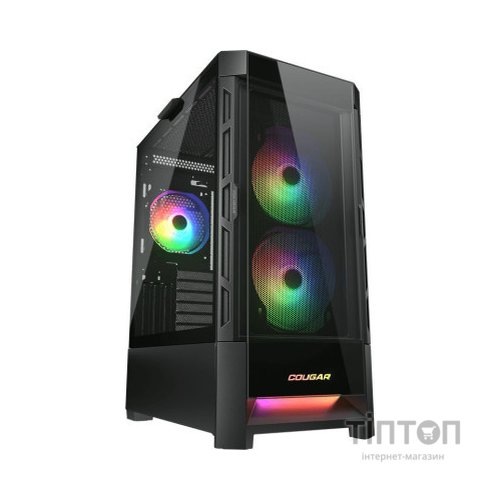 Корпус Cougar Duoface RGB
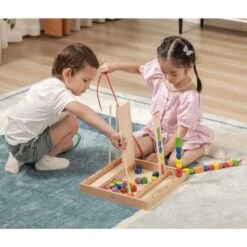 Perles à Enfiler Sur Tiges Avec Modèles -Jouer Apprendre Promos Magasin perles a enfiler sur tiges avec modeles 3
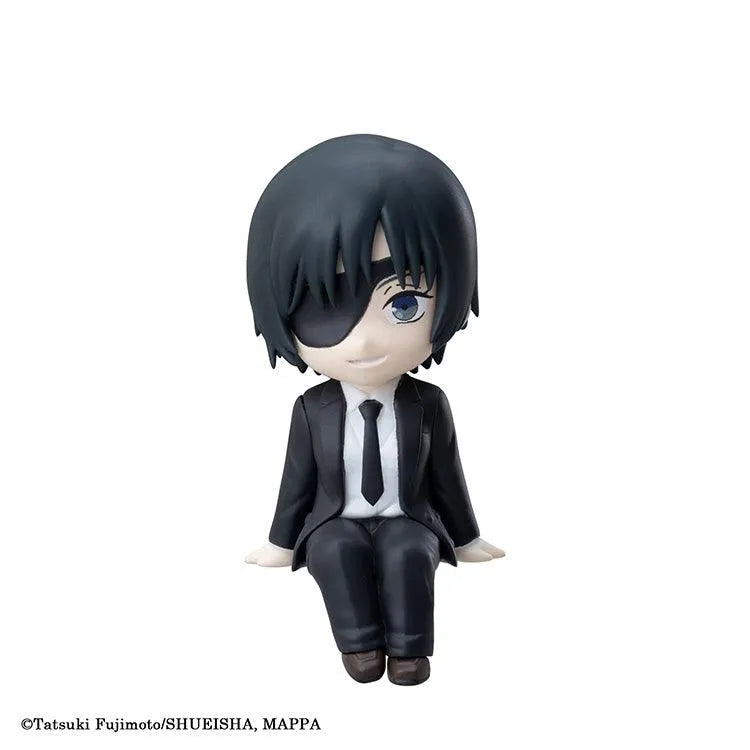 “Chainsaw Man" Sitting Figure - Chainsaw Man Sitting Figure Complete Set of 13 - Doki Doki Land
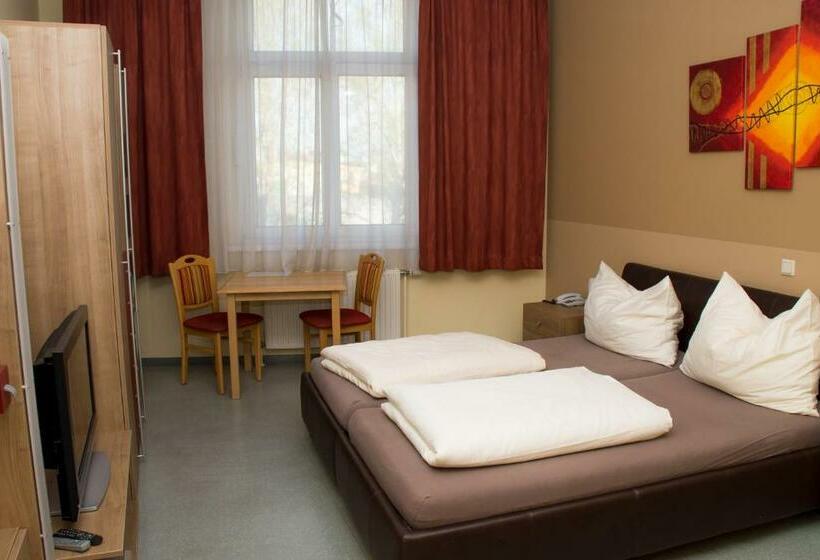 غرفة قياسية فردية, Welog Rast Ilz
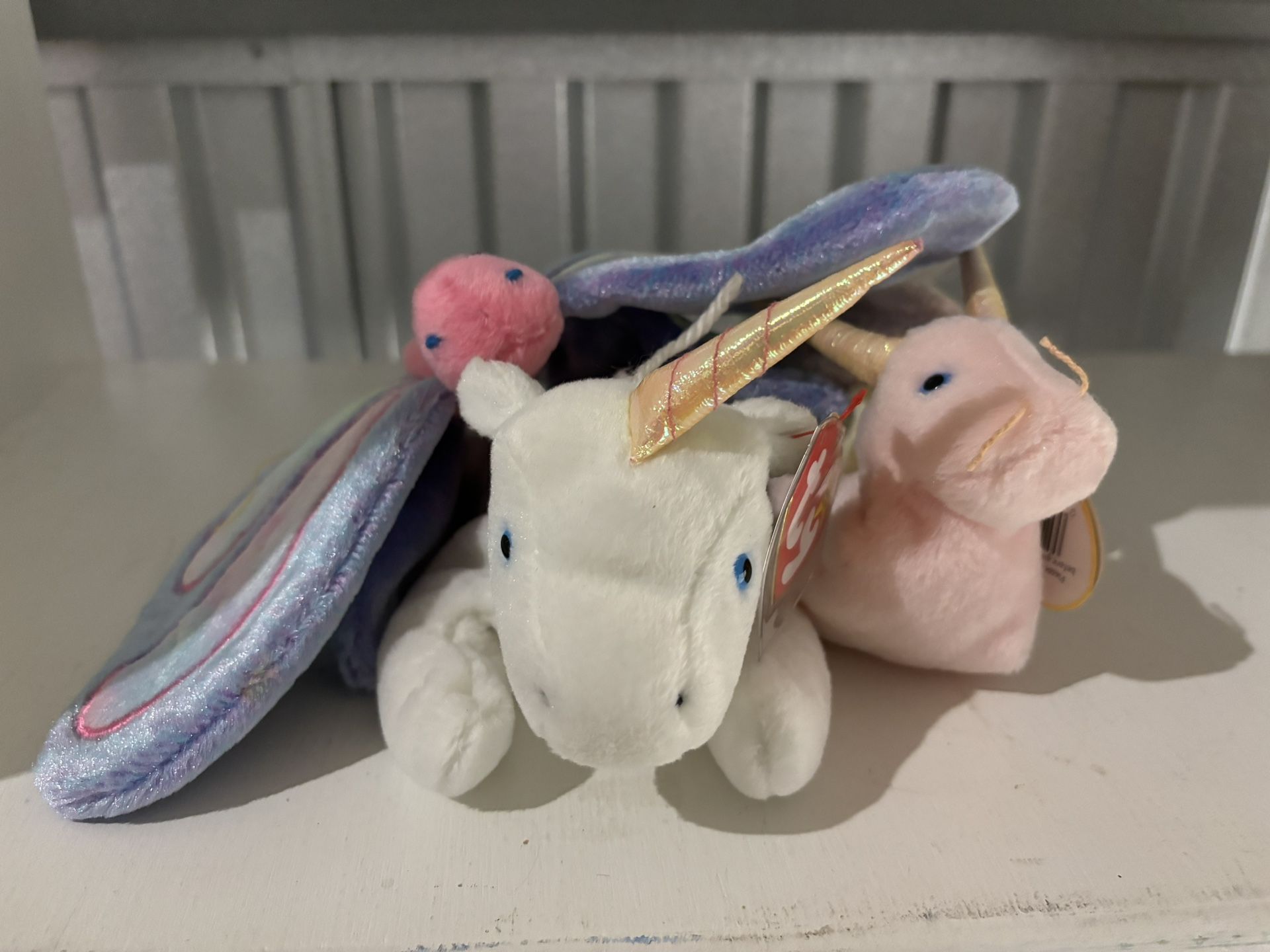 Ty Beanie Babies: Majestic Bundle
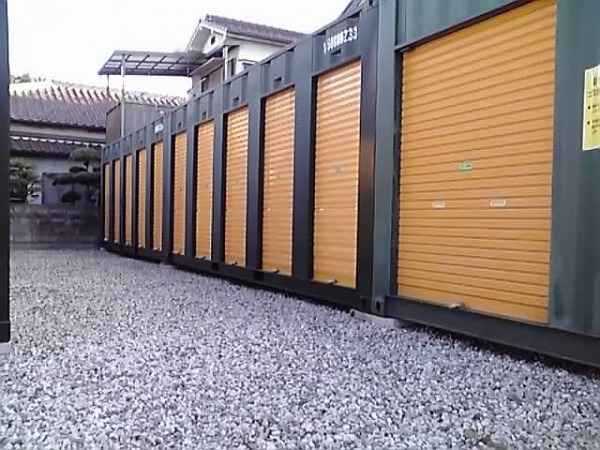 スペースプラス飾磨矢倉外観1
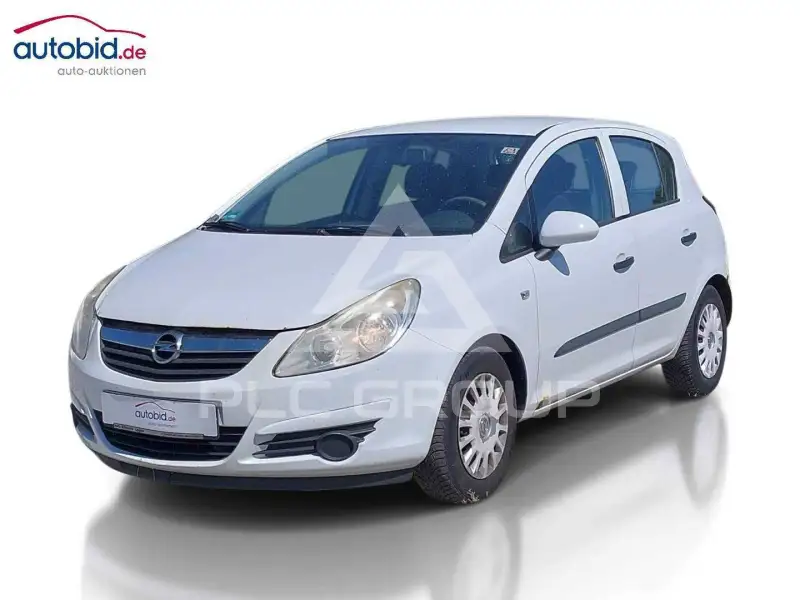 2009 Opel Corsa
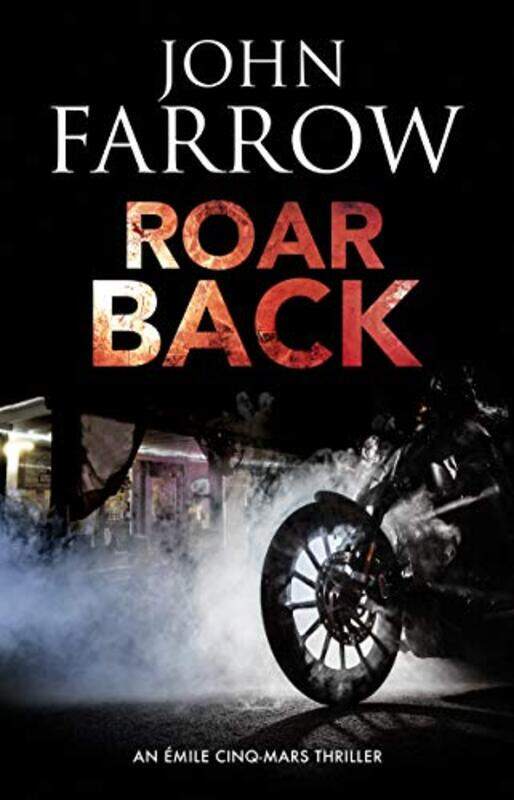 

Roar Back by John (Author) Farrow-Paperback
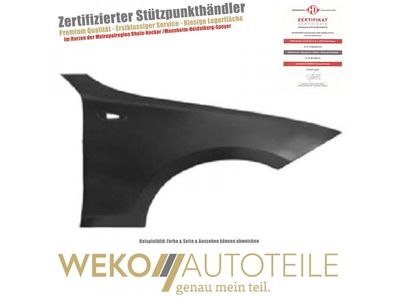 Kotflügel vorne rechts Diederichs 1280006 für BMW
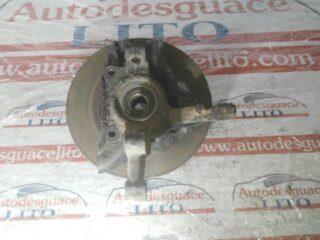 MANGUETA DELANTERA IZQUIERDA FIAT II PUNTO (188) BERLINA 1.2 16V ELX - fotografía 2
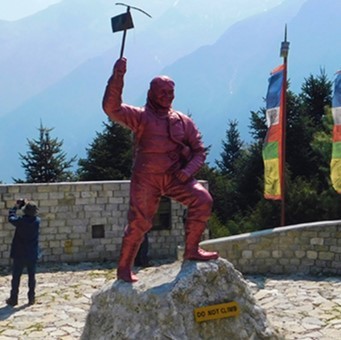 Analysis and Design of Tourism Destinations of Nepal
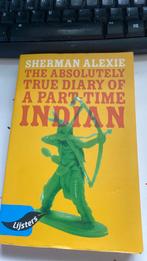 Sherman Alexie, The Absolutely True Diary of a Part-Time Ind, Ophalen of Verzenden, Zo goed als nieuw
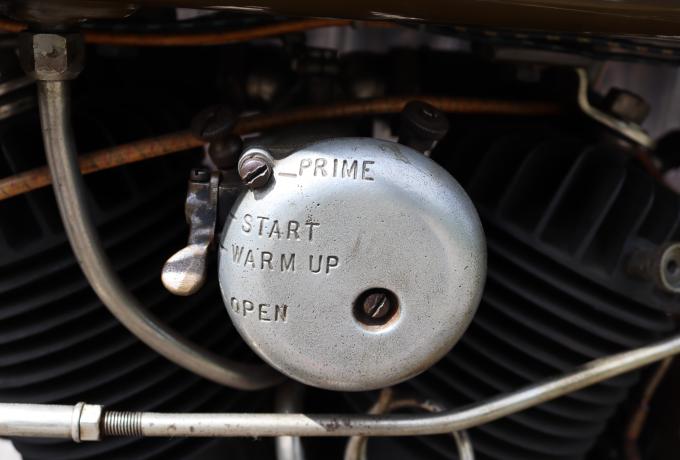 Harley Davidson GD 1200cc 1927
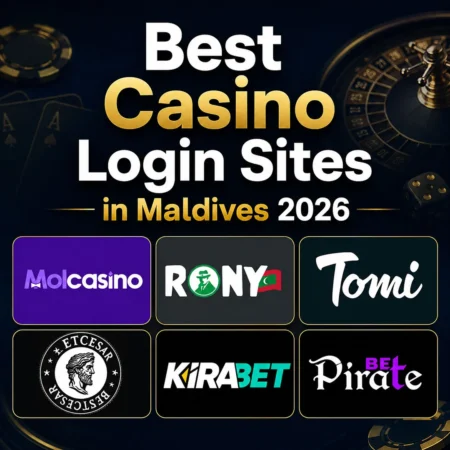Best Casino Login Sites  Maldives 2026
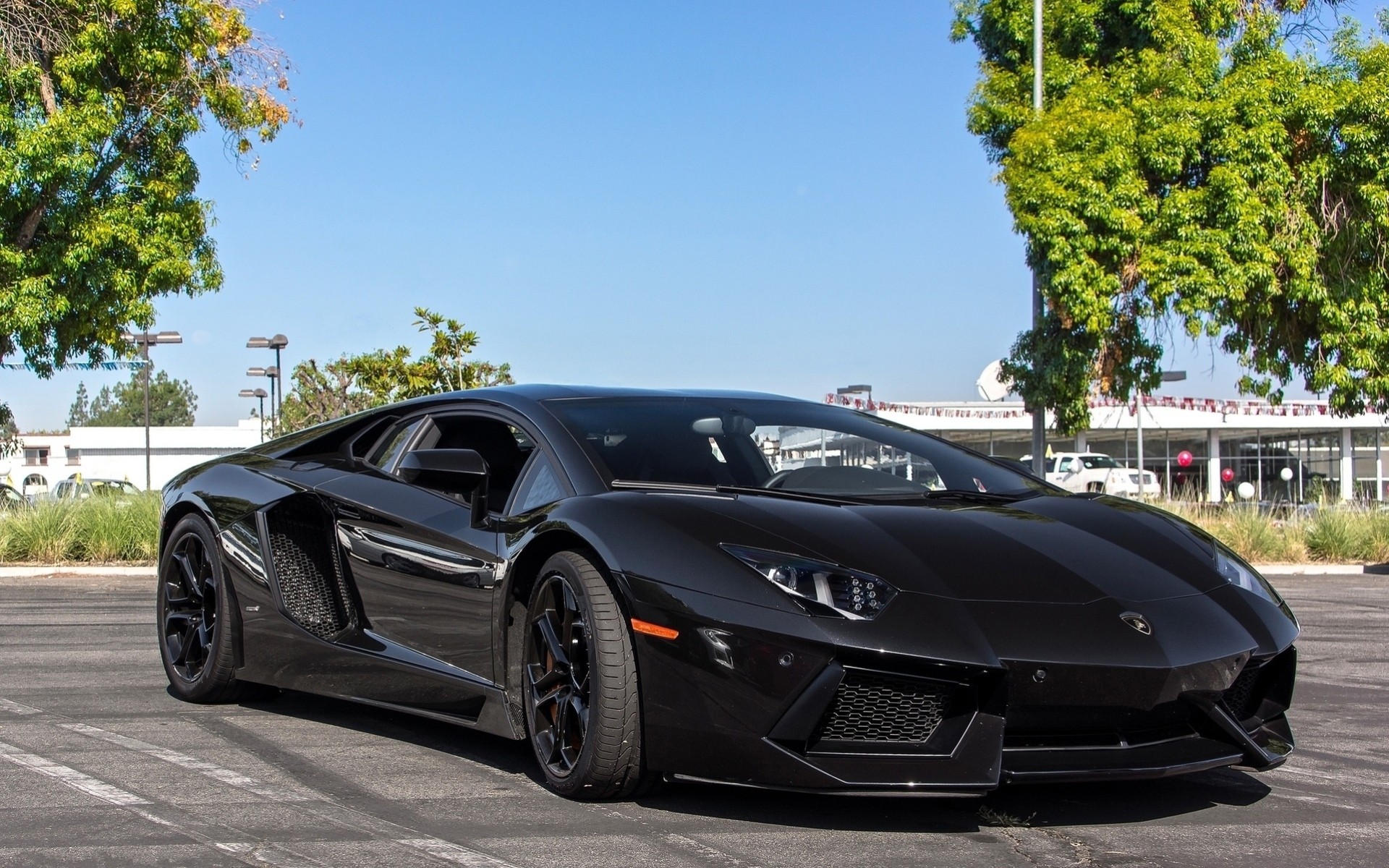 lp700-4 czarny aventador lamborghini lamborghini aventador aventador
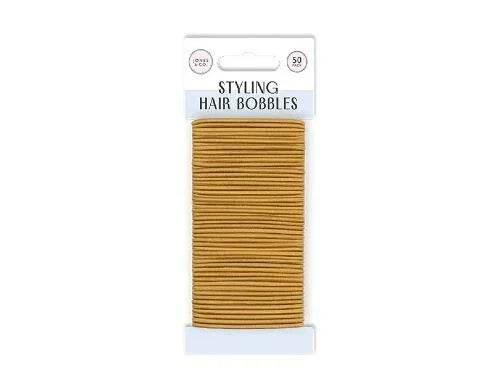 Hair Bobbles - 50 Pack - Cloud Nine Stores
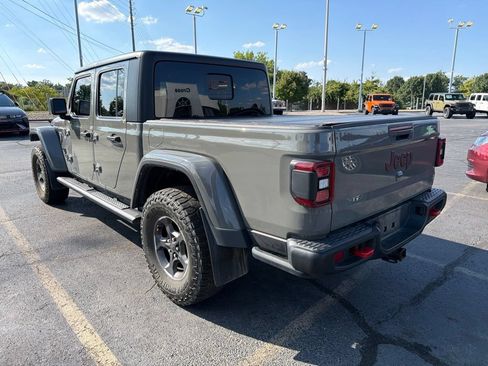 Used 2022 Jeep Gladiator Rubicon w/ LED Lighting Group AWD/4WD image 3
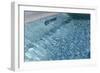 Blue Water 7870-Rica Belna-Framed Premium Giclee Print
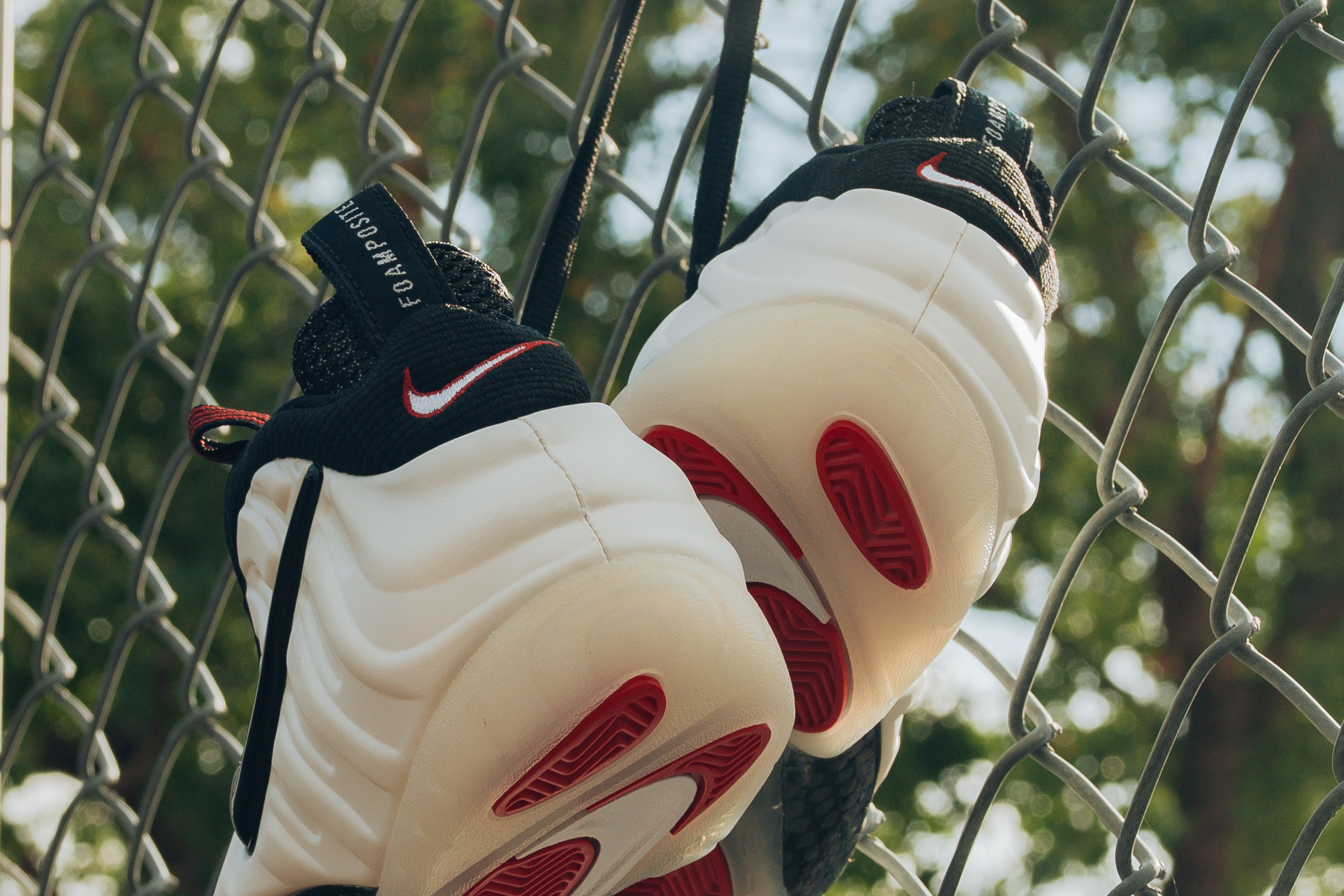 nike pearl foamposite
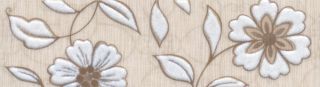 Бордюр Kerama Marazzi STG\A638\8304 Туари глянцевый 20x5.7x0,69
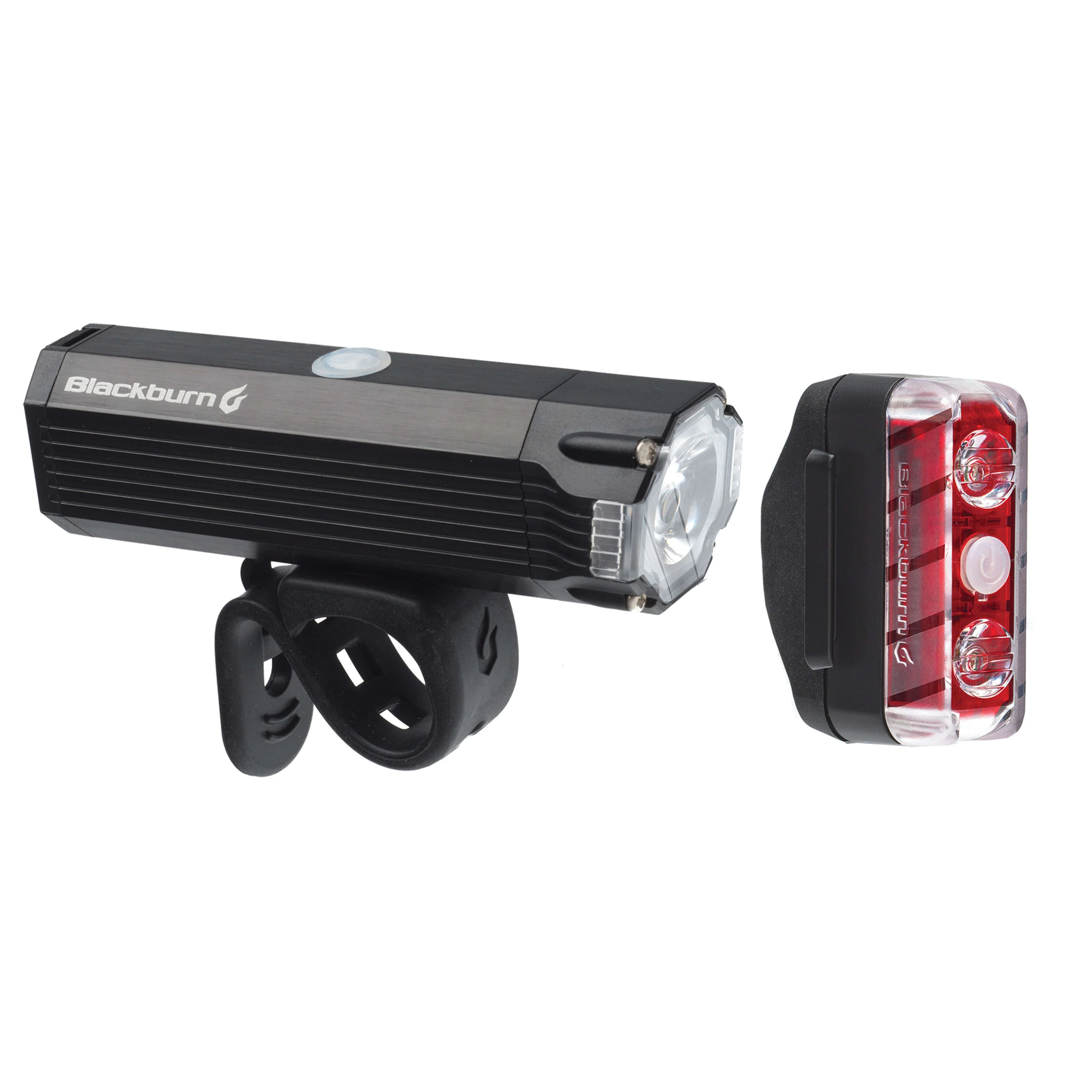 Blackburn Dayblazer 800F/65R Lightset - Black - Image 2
· · · · · · ·
What you will do:
Start at the first line of the records and write out everything up to and including the line containing "غرفة قياسية فردية, Welog Rast Ilz". No pictures.

Your response:
 Корпус Cougar Duoface RGB
 Perles à Enfiler Sur Tiges Avec Modèles -Jouer Apprendre Promos Magasin perles a enfiler sur tiges avec modeles 3
 “Chainsaw Man" Sitting Figure - Chainsaw Man Sitting Figure Complete Set of 13 - Doki Doki Land
 غرفة قياسية فردية, Welog Rast Ilz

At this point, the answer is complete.